SINGTEL bumped up salaries for new engineers last year in a bid to attract and retain staff for new business areas like cyber security analytics and smart cities.
Talented young engineers will also be selected for a two-year management associate programme, where they will be rotated across businesses and work on special projects.
Group chief executive Chua Sock Koong said yesterday that the telco has significantly adjusted compensation for engineers. Their salaries will be equivalent to what the top 25 per cent of engineers starting out are earning.
Singtel did not release the revised pay scale.
However, industry observers say that newly minted engineering graduates are probably getting between $2,600 and $3,400 a month.
Ms Chua, who was speaking to The Straits Times after the firm's results briefing, added: "We're doing this because we want to ensure that engineers remain engineers when they graduate and not join management consultancy and investment banking."
Singtel also awards scholarships to students in institutions of higher learning to study engineering and related courses.
"There will be many opportunities for engineers to learn on the job and also for job rotation," said Ms Chua.
Singtel has also introduced different stock option plans for its staff who work in digital businesses like Amobee, a marketing subsidiary. Staff in these areas get shares in the businesses they work in.
"They will benefit if the digital business is publicly listed. If not, over time, we can grow their long-term incentives into Singtel's plans," noted Ms Chua.

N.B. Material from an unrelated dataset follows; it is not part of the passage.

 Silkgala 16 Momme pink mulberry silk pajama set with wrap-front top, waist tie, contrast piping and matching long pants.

She told The Straits Times last September that the telco will invest $500 million over the next five years and hire 1,000 engineers as part of a three-pronged strategy to build expertise in cyber security, smart cities and analytics.

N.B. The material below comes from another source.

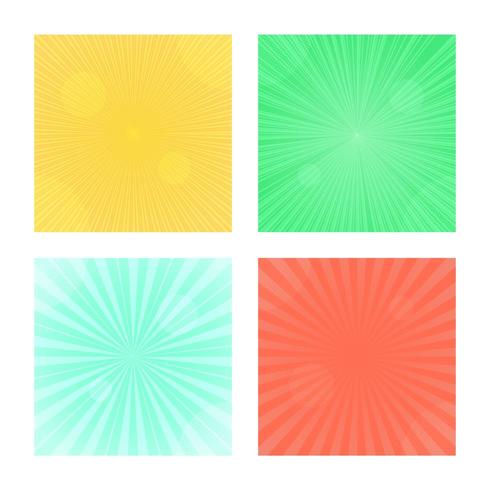 Set of sunburst radial retro backgrounds vector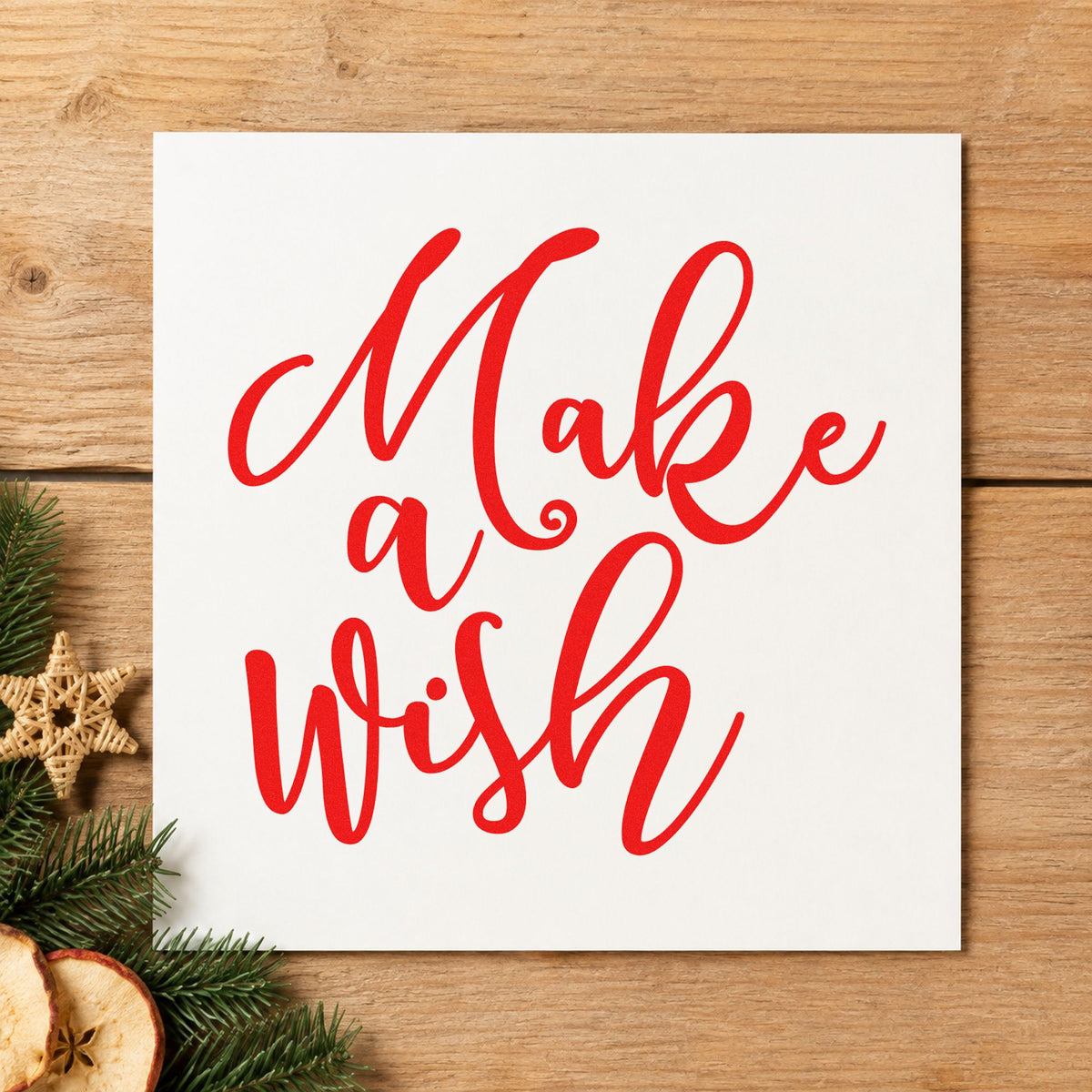 Make A Wish Script rubber stamp shown in red ink, stamped for projects such as cupcake box labels.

Ms Chua said yesterday that these plans were well underway, with cyber security expertise built up and a monitoring centre constructed.
Singtel is also building a lab for security testing, she added.

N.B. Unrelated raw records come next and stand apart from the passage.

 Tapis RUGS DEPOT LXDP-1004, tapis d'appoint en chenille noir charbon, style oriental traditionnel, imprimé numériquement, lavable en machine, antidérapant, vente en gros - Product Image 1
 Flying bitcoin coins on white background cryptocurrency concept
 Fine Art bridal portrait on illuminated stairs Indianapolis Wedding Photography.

This lab will work on realistic cyber threat simulation with customers to enable competency building.
These efforts are part of the firm's five-year transformation as it seeks a new revenue mix and new businesses. It is now midway in this effort.
Ms Chua said that the positive full-year results - the telco posted a 3.5 per cent hike in net profit to $3.78 billion and a 2.2 per cent growth in revenue of $17.22 billion - indicate that its core business is gradually being transformed from just supplying circuits and switches to carrying valuable data like content and video.
She said: "If we don't transform and change, we will become totally irrelevant."